Friday saw the screening of Jeffery Palmer’s Words from a Bear, which talks about the life of Pulitzer Prize-winning author, Navarro Scott Momaday. In the movie, expressive animations intersect with stunning footage of the Great Plains, as Momaday draws from his Kiowa ancestry and identity to pose universal questions about how we connect to our origins, each other, and the earth.
“I am grateful they (Shirley K. Sneve and Michael Kantor) chose me to embark upon this journey and tell this story the way it should be told, from the perspective of a Kiowa filmmaker,” Palmer said. “When I started making the film, I realized that it is my time to present some of these things to people. I am so surprised that there are a lot of them who don’t know about the relocation era.”
Words From a Bear is Palmer’s directorial debut.
Saturday started with acclaimed documentarian Rehad Desai’s Everything Must Fall, a galvanizing examination of the fight for free higher education at the #FeesMustFall student movement that burst onto the South African political landscape.

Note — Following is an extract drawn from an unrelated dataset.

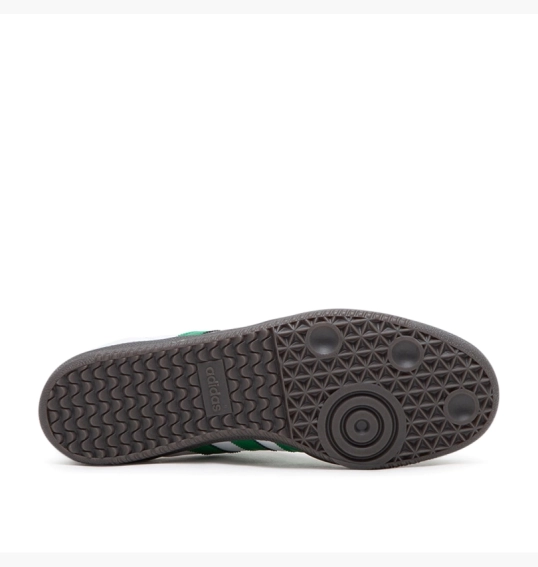 Кроссовки унисекс Adidas Samba Og White &amp; Green White IG1024 фото 5 — интернет-магазин Tapok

“In many ways the movement was broken by the repression that followed in 2016, people retreated to that repression back into their very South African political identities,” says Desai in a Skype Q&A session, when asked about the current update of the movement, one year after filming this documentary, taking his own alma mater as a case study in a growing intersectional global movement.
The afternoon continued with Almudena Carracedo’s The Silence of Others, a movie that captures the first attempt in 77 years to prosecute crimes of Spain’s 40-year dictatorship under General Francisco Franco (1939-1975).
“It is a seven-year production, the stories of stolen children started coming out of Spain in 2010,” said Carracedo via Skype. “Me and my husband were very impacted at the moment by Spain. We were living in New York and just had our daughter. We decided to move to Spain.”
The Silence of Others explores the shadows the past still casts upon the present in Spain.
The festival concluded with The Sweet Requiem, a story of a daughter and her father who fled their home in Tibet, escaping Chinese armed forces in an arduous journey across the Himalayas. It is a reflection on an ongoing but too often forgotten refugee crisis.